• **WHAT YOU ARE ASKED TO DO**: The answer is to be the lines below that lie between the line holding "Фотообои подводная сцена, где" and the line holding "نوشيروان يستمع إلى", inclusive, transcribed exactly and free of pictures.

[[ TASK DATA open ]]

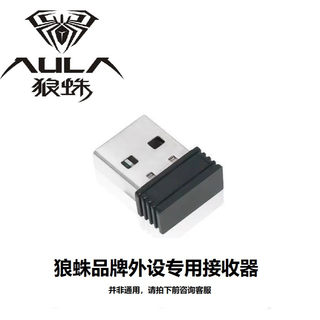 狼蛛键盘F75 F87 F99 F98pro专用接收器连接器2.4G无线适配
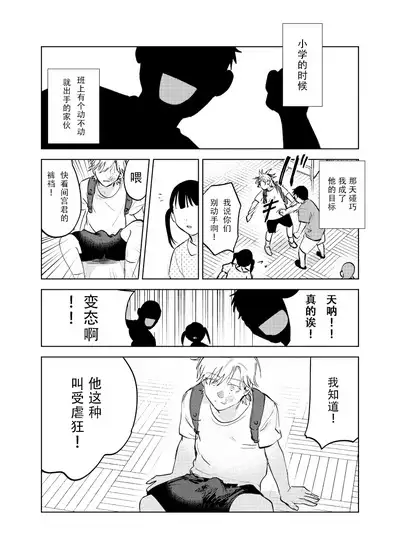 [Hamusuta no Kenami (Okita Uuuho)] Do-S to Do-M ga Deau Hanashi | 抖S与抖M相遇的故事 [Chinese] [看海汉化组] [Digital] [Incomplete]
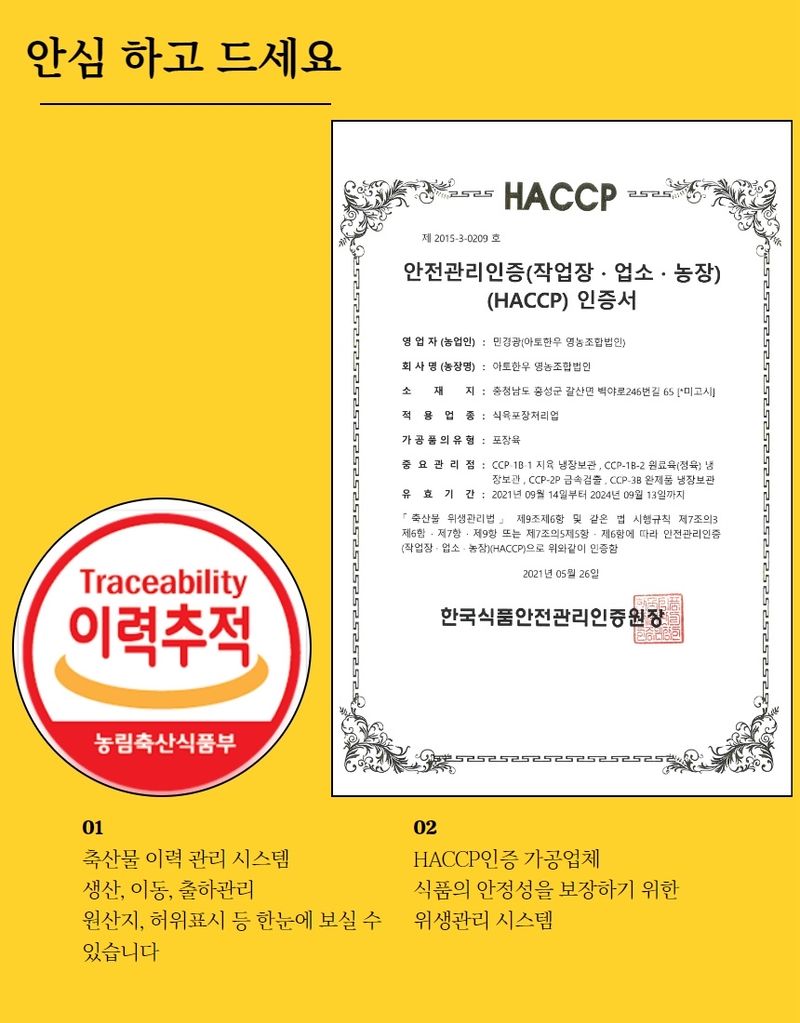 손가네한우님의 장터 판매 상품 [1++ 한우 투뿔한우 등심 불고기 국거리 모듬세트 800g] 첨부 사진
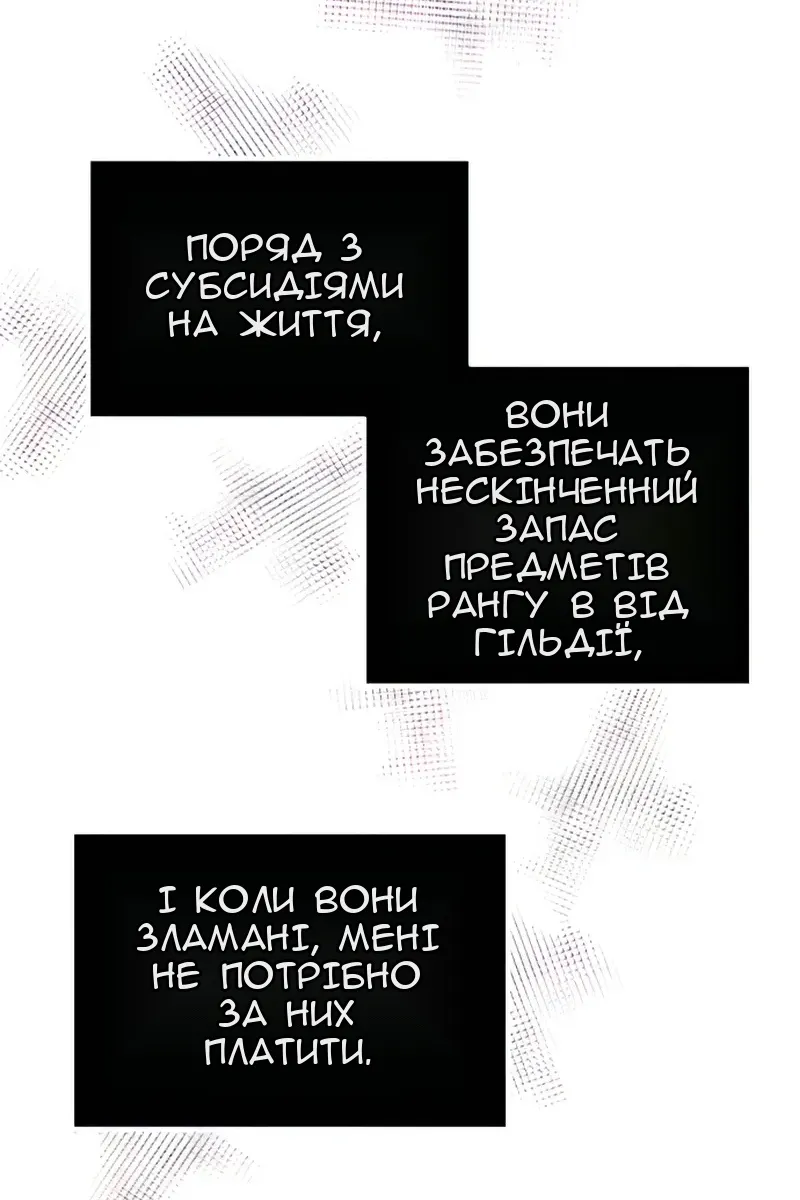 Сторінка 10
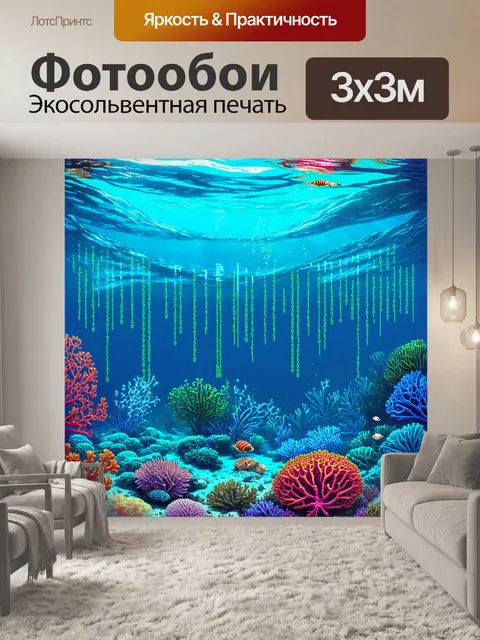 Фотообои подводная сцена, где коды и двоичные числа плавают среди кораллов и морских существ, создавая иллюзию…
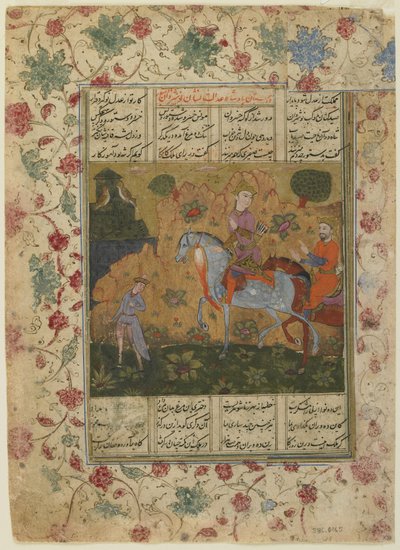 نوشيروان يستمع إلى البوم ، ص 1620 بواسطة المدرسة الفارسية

[[ TASK DATA closed ]]
[[ TASK DATA open ]]

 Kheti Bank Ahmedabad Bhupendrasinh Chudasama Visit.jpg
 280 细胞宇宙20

[[ TASK DATA closed ]]
[[ TASK DATA open ]]

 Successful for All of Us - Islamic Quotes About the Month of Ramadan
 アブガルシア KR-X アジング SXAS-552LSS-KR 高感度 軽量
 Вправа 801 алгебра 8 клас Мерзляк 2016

[[ TASK DATA closed ]]

• **ANSWER AREA**:
 Фотообои подводная сцена, где коды и двоичные числа плавают среди кораллов и морских существ, создавая иллюзию…
 نوشيروان يستمع إلى البوم ، ص 1620 بواسطة المدرسة الفارسية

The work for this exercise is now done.